Commenting, Dr Philippa Whitford MP said: “The UK government must finally listen to the overwhelming evidence from women’s groups, who are clear that Universal Credit needs urgent reform to tackle the increased risks of domestic abuse.

“Financial Abuse affects one in five women and the current system, of paying Universal Credit into one bank account per household, makes it easier for perpetrators of domestic abuse to exert complete financial control – leaving women isolated; with no money to socialise with friends and family or to leave an abusive relationship.

“It is simply not good enough for the UK government to continue to side-line this issue. They must get behind these crucial amendments and introduce separate payments, as the default, to ensure that women have financial independence.

“The SNP government fully supports the introduction of separate payments, and is in discussion with the DWP to enable such payments to be made in Scotland – but domestic abuse and financial coercion is an issue that affects women right across the UK, and the simplest and most effective way to resolve this flaw is for the UK government to reform the underlying system.”

DWP HQ, Caxton House, London. Photo: Paul Billanie for Welfare Weekly.

Dr Marsha Scott, CEO of Scottish Women’s Aid, said: “Scottish Women’s Aid lends our full support to Dr Philippa Whitford MP’s amendments, research suggests that 89% of all women who are abused by a partner, experience financial abuse as part of domestic abuse.

“Ensuring that women have equal access to Universal Credit supports women’s financial independence and reduces the ability of perpetrators of domestic abuse to control their partners and their children.”


Rachel Krys, Co-Director of the End Violence Against Women Coalition said: “Women’s groups have pointed out that Universal Credit payments made into one bank account for everyone in the household, risks giving more power to abusers in homes where women live with domestic violence, and is creating a new state-based barrier to seeking safety and change.

“We are supporting the amendments for separate payments to be made the default to give women more protection, and want to see a clear timetable in place to work out how payments should be split.

“The UK government says it is committed to changing the response to domestic violence across the board, we therefore urge them to look urgently at the evidence on what a single UC payment might do and think again.”

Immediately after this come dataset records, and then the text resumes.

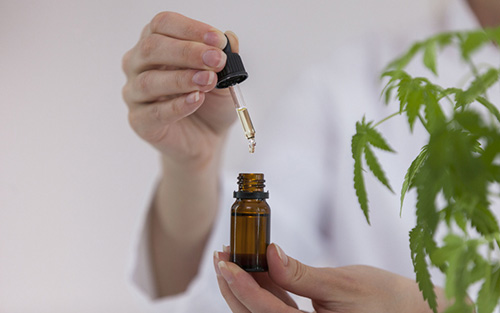 psyhedelic medicine, venture capital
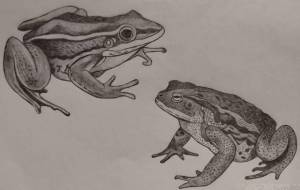 カエル - 伊藤恵美里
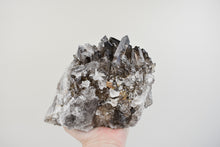 Load image into Gallery viewer, Large Smoky Quartz Cluster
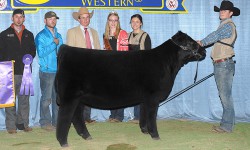 Mason Walker, Arkansas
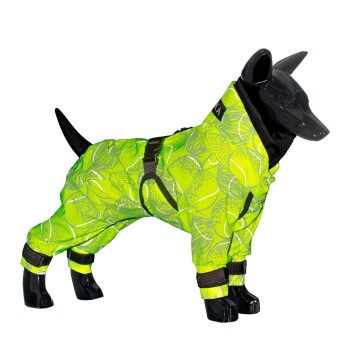 Ein schwarzes Hundemanikin, das einen leuchtend grünen Regenmantel mit Tennisballmuster trägt, mit verstellbaren Riemen und einer Kapuze.
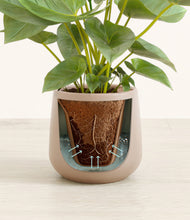 Load image into Gallery viewer, Eternal Gray stand:all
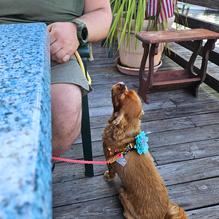 Harbor View Restaurant restaurant view 2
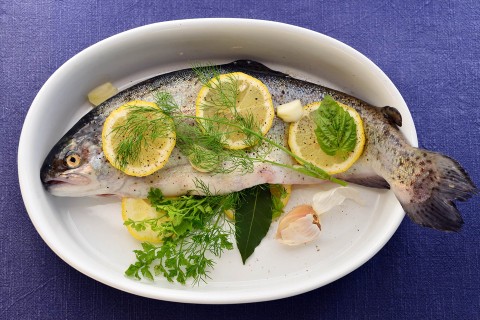 hal  (Piazza Gabriella, gasztro, Hódos Hajni)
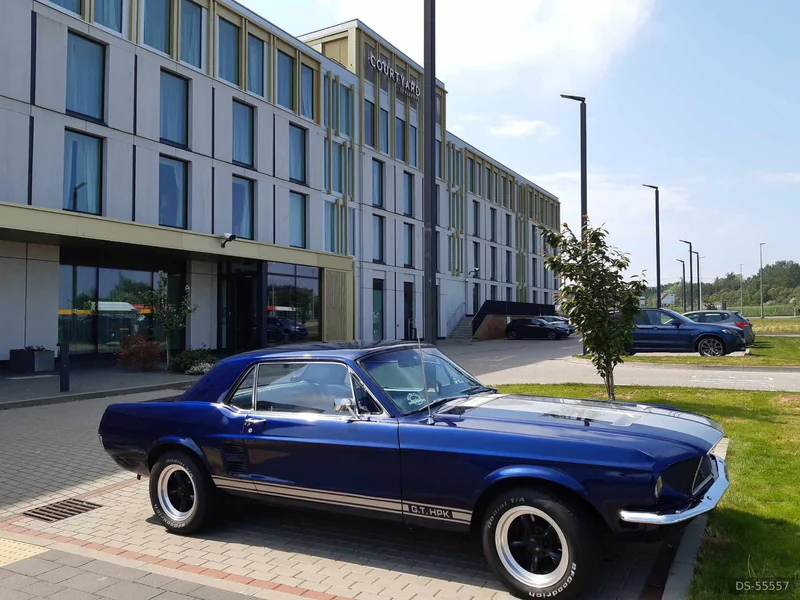 1967 Ford Mustang in Nairn 3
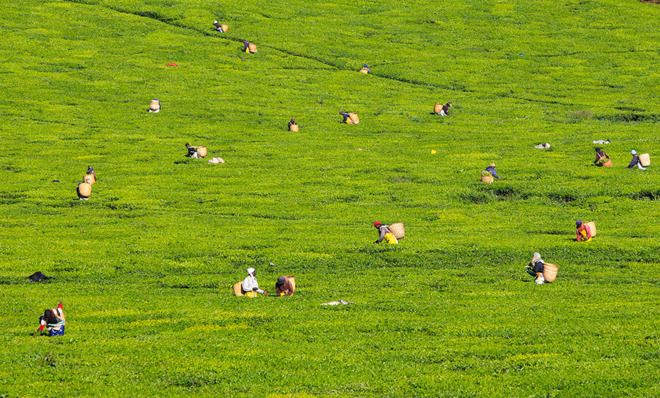 Kenyan tea farmers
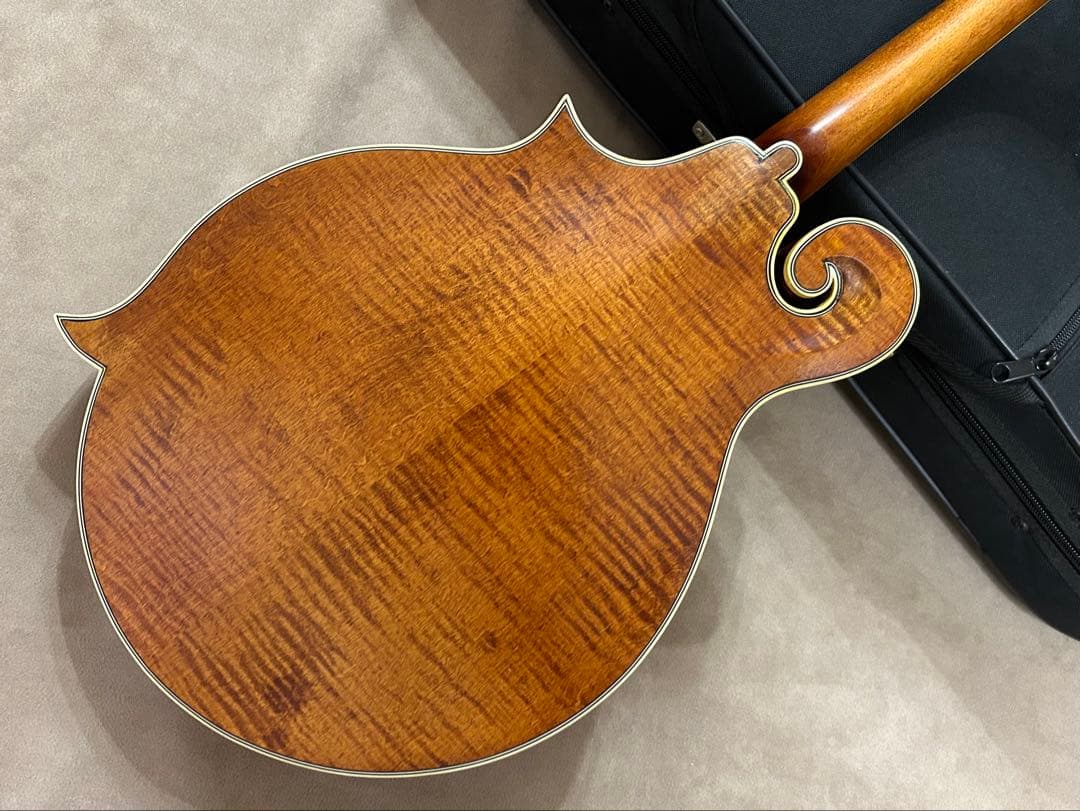 Epiphone MM-50E エレキ マンドリン エピフォン ハードケース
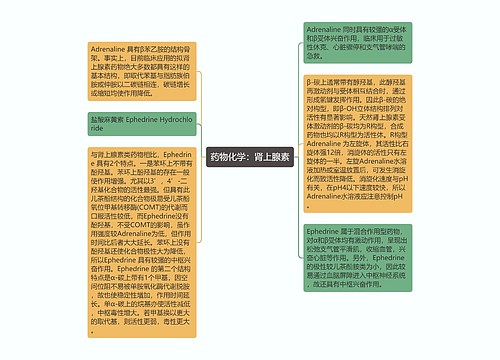 药物化学：肾上腺素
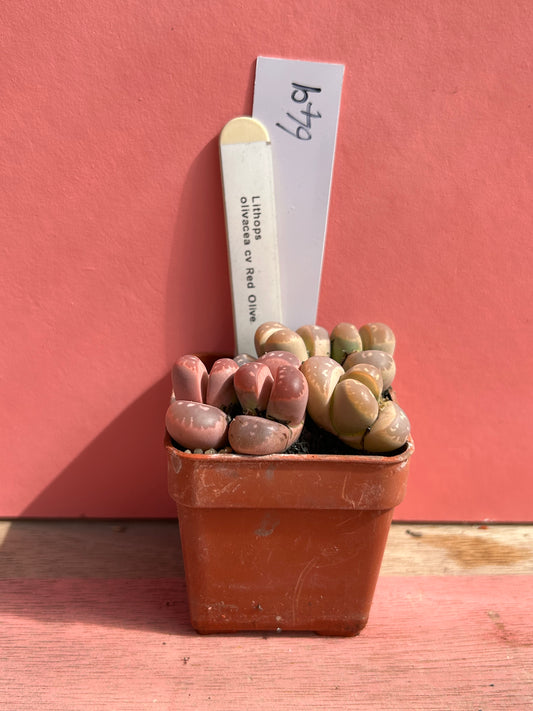 Lithops olivacea cv 'Red Olive' (649)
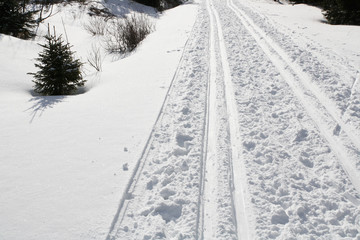 Ski track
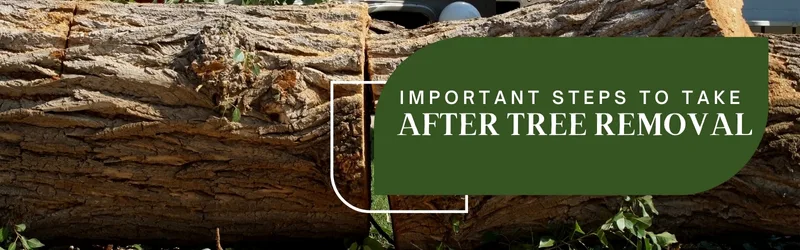 Steps to Take After Removing a Tree from Your Landscape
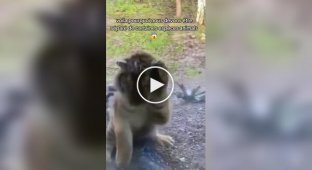 Big cats try to attack children in zoos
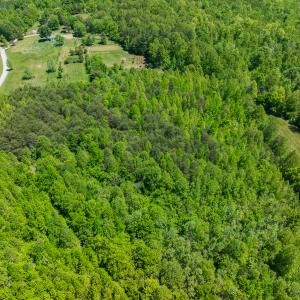 Photo #10 of Lot-4 - Off Wilson Road, Providence, NC 5.7 acres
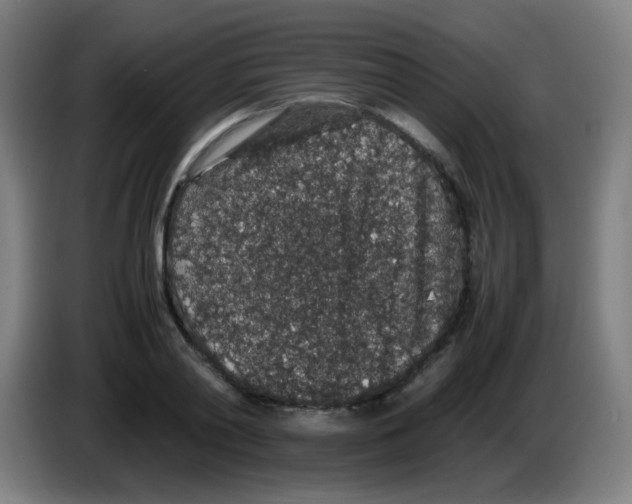 X0000086240790200704261915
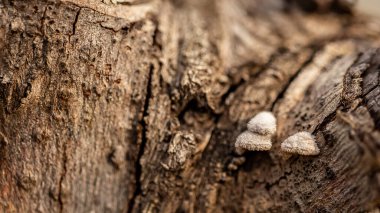 Ağacın yüzeyindeki şizofreni topluluğuna yakın çekim. Seçili odak.
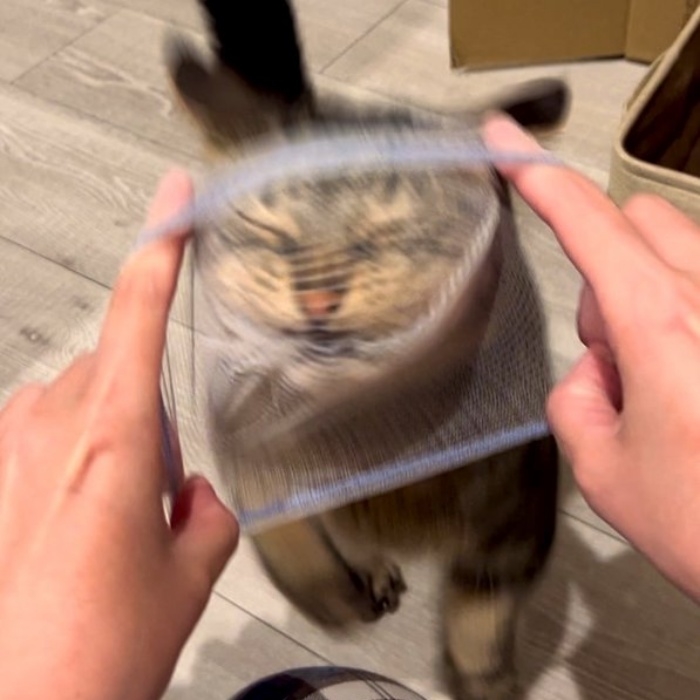 水切りネットに顔を突っ込むウルちゃん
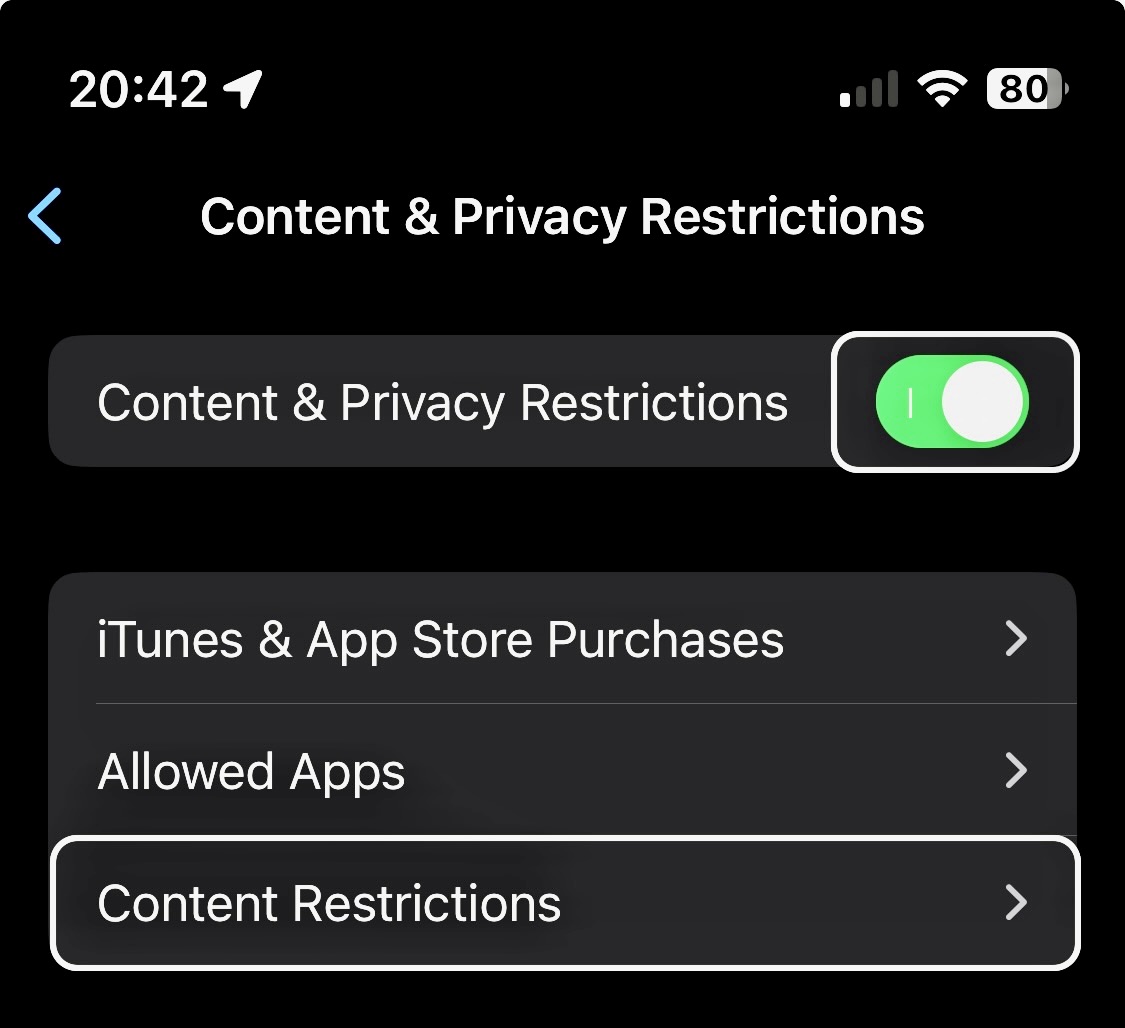 Screenshot of iPhone privacy and content restriction menu.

Dr Nicola Sharp-Jeffs, Surviving Economic Abuse, said: “Paying Universal Credit into one bank account sets the scene for financial abuse. Access to an independent income is also vital in order to leave an abusive partner.

“The UK government must reflect this understanding by making separate payments the default position, thereby closing down opportunities to abuse and removing barriers to leaving.”

Mary-Ann Stephenson, Director of the Women’s Budget Group said: “We know that income is not always shared equally in households, and that lack of independent income can make women vulnerable to financial abuse.

“Up until now payments for housing, job-seeking, and children have been separate. Combining them into a payment into a single bank account risks giving abusive men even more power and control over their partners.


“It may send more money than ever straight to the wallet and not to the purse, undermining women’s economic independence and their ability to leave abusive relationships.”